LE TRACTEUR CHATILLON-PANHARD : LES ESSAIS
Essais officieux en 1911.
Le tracteur Chatillon-Panhard tel qu’il existait en 1911 (avec un moteur 6 cylindres de 100 x 140 donnant 35 ch à 1.000 t/mn et 45ch à 1.400 t/mn et boite donnant : 2km8, 7km , 12km et 13km9 à 1.000 t/mn) avait été soumis, en présence de quelques membres de la Commission centrale des Automobiles utilitaires, à divers essais officieux effectués pendant le concours militaire de 1911.
Le tracteur taré à 7.500kg, avec un poids sur l’essieu arrière de 4.000 kg et remorquant deux camions automobiles du poids de 11.500 kg (soit un poids total de 18.000 kg) a remonté à bonne allure la rampe de 6,5 p. 100 de Satory (macadam en bon état).
Il a ensuite remonté une rampe un peu meuble de 11 p. 100 (en cassant les chaines de remorque).
Le tracteur seul a franchi un talus de 80 cm incliné à 30°. et un arbre de 40 cm de diamètre placé en travers de la route. Enfin le train tout entier (10 tonnes) a évolué dans le terrain assez meuble du plateau de Satory.

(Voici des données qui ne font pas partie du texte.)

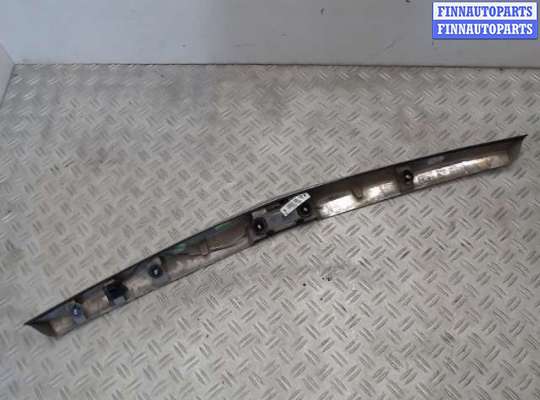 купить Накладка декоративная на Opel Astra H (2004 - 2010)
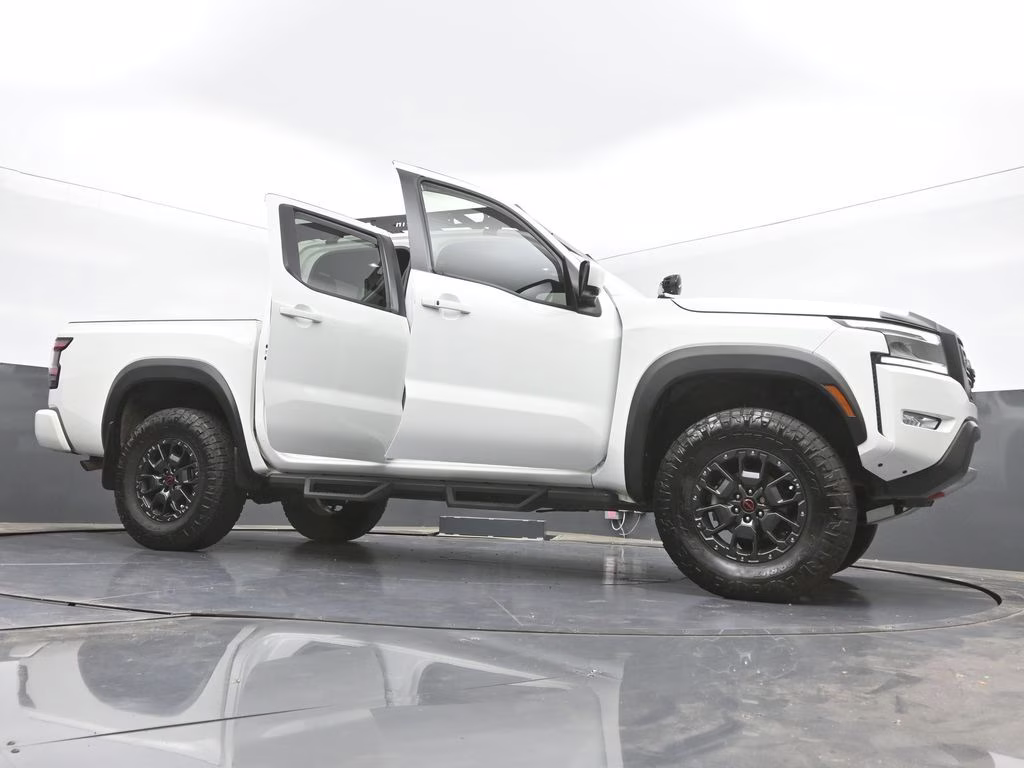 2023 Glacier White Nissan Frontier PRO-4X 4X4 Truck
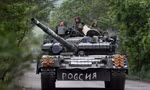 Một xe tăng của lực lượng thân Nga ở vùng Donbas ngày 22/5. (Ảnh: Reuters)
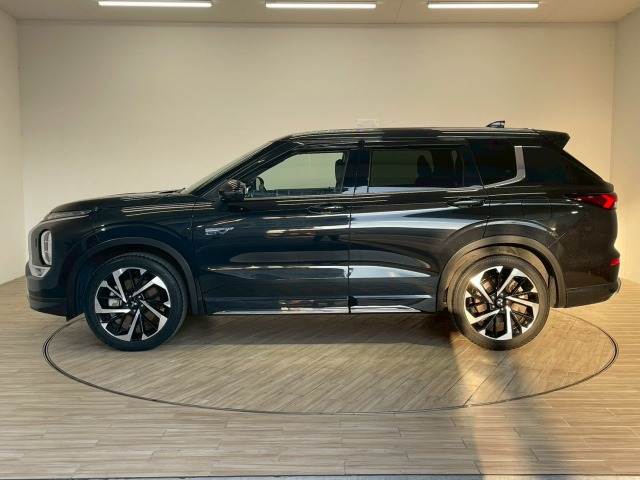 三菱 アウトランダー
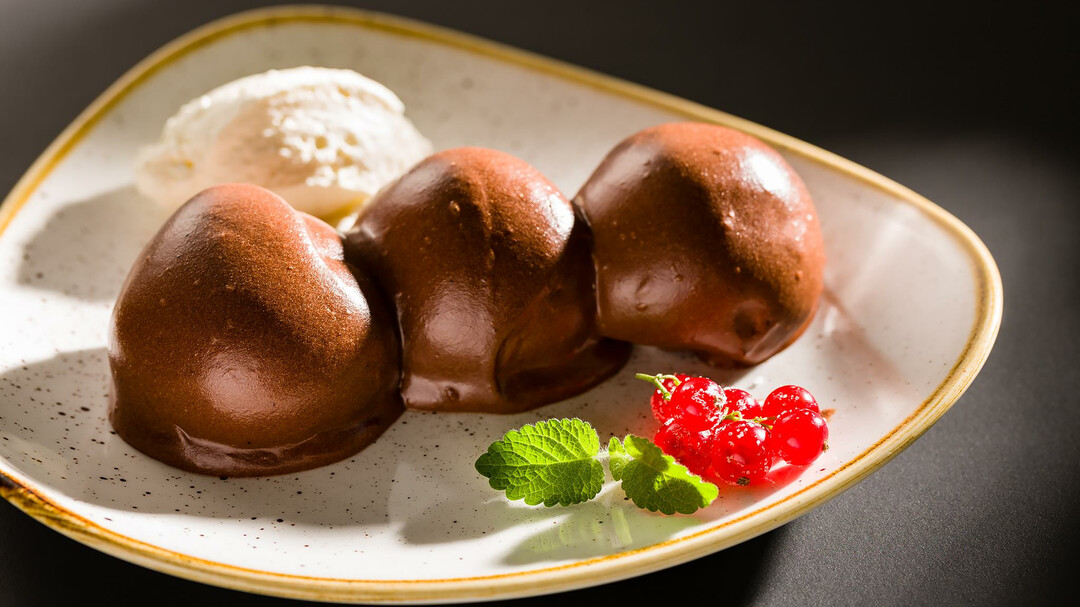 Profiterole Dessert | © Sheraton Grand Salzburg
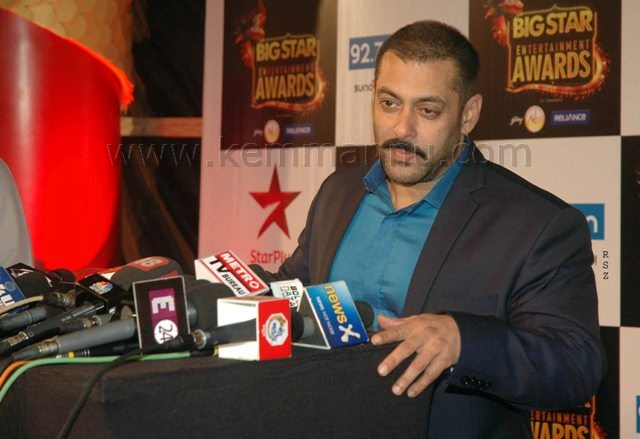 Salman Khan dances to â€˜Selfie le le reâ€™ at Big Star Entertainment awards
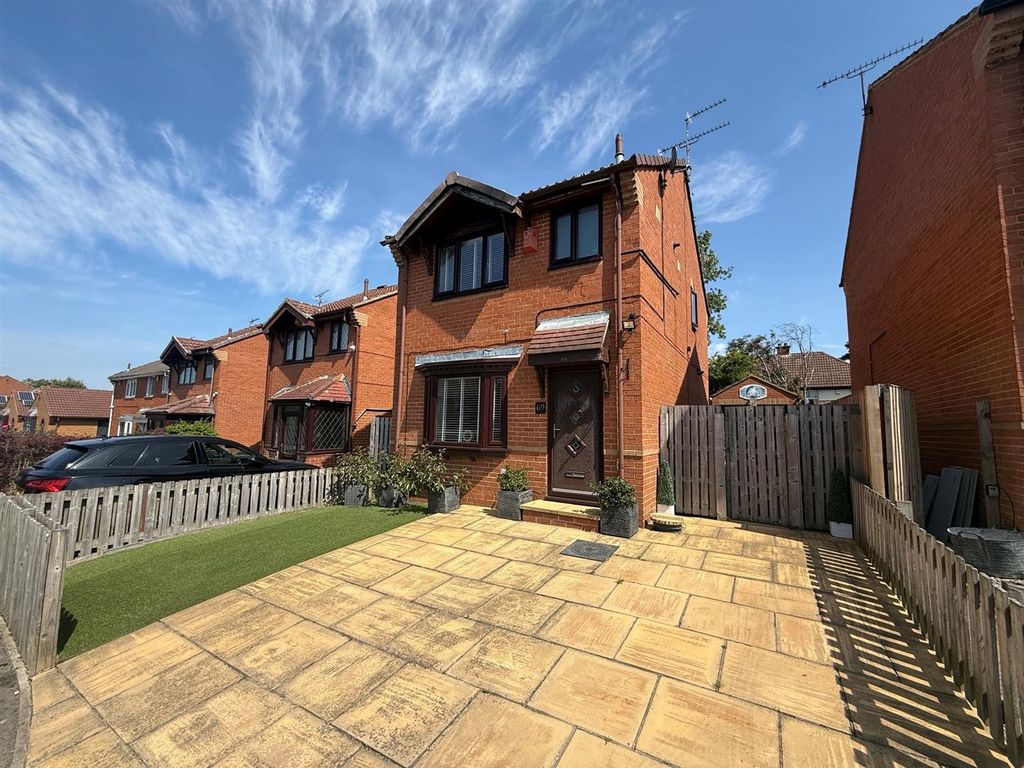 Property photo 1 of 17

Essais à Vincennes en 1912.
En juillet 1912, le même tracteur, a effectué divers essais officiels dans les environs de Vincennes devant une commission spéciale désignée par le ministre de la Guerre.
Le tracteur était taré à 6.000 kg dont 2.000 kg de charge utile.

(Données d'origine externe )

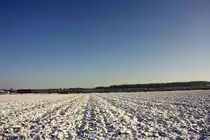 Eine unbekannte 218 mit dem IC 2012 kurz nach Illertissen am 20.12.09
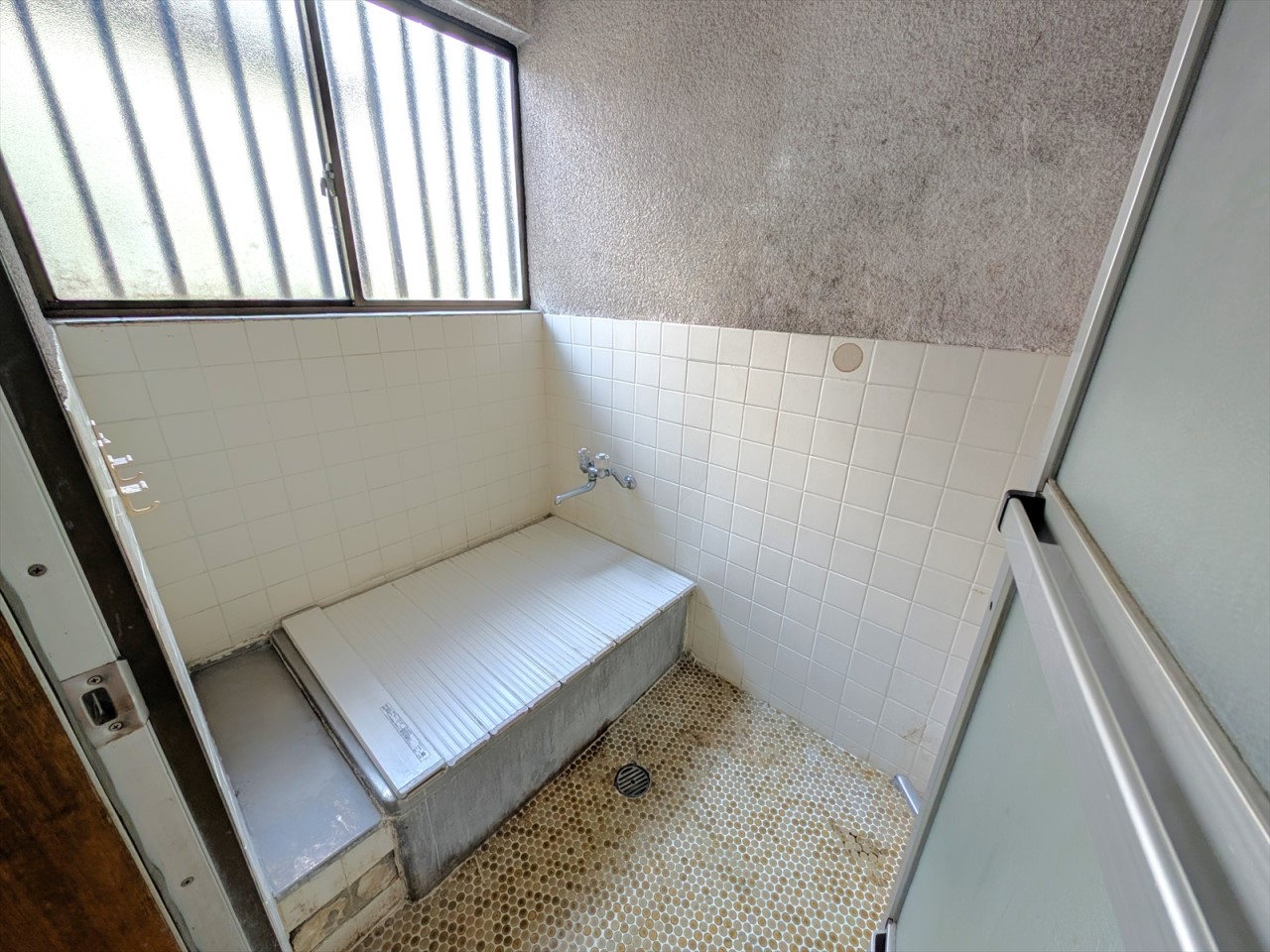 水回りは綺麗にリフォームします♪※リフォーム前の写真です。(2025.10月撮影)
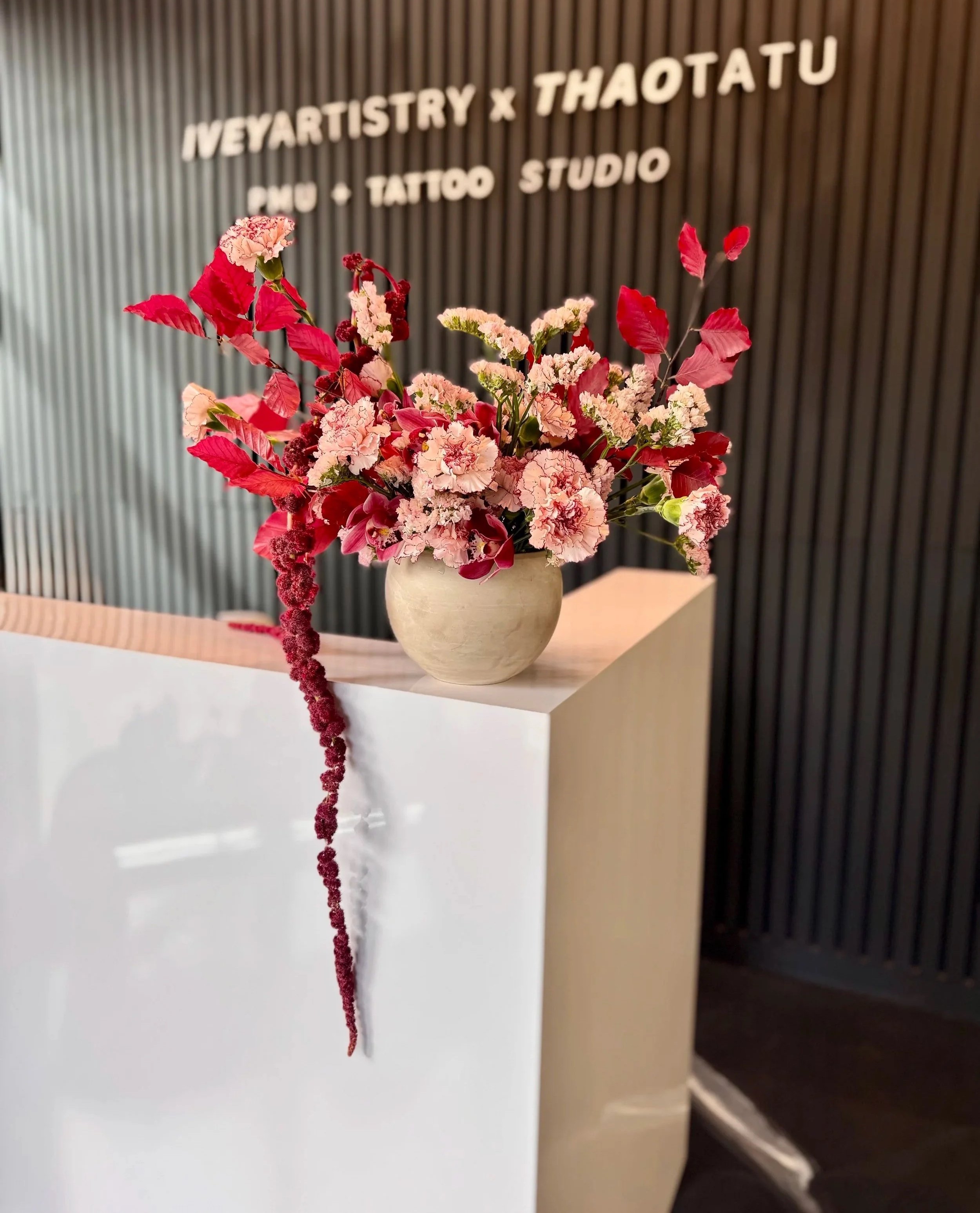 .
Seasonal flowers for a studio workplace featuring refined color and botanical texture.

La charge sur l’essieu arrière était de 3.500 kg.
Le tracteur a imprimé à un train du poids total de 19 tonnes une vitesse de 18 km en palier et de 3 km en rampe de 8 p. 100.
Le moteur a calé dans un lacet d’une rampe de 9 p. 100.
Le même convoi, marchant à 5 km à l’heure, a été arrêté sans difficulté dans une pente de 9 p, 100 par les freins du tracteur et des remorques.
Dans le polygone de Vincennes, le tracteur seul, taré à 7 tonnes, a pu gravir une courte rampe de 37 p. 100 (butte de tir).
Attelé à un convoi de 19 tonnes, il a trainé ce convoi dans le polygone à une vitesse variant de 4 à 10 km, et il a toujours pu dégager, à l’aide de son treuil, le convoi embourbé dans des passages mauvais. Il a pu faire franchir à un canon de 155 long ou à un mortier de 220, un tronc d’arbre de 20 cm de diamètre et un fossé de 3 m de largeur sur 1m de profondeur.
Manœuvres d’Anjou.
Aux grandes manœuvres d’Anjou, en 1912, le tracteur remorqua avec la plus grande facilite, tant sur la grande route que dans de mauvais chemins, et même dans des chaumes, trois voitures constituant une pièce complète de mortier de 220 (tracteur de 7 tonnes, voiture-canon de 3t 7, voiture-châssis de 4,25, voiture-plate-forme de 4t 2, au total : 10t 150).
Le train mesurait 25 on, alors que, attelé de chevaux bataille, transport si difficile à mesurer à cette époque avec les attelages dont disposait l’artillerie.
Il y a longtemps, au reste, que le problème du tracteur d’artillerie puissant avait été posé à l’étranger.
C’est ainsi que, dés 1904, on exécutait en Autriche, des essais avec une batterie d’obusiers de 15 cm, divisée en deux demi-batteries comprenant chacune :
- un tracteur pour transporter les agrès, 64 coups et 12 servants.
- Deux obusiers de 15 cm.
- Une voiture à munitions portant 36 coups, 6 servants et divers accessoires.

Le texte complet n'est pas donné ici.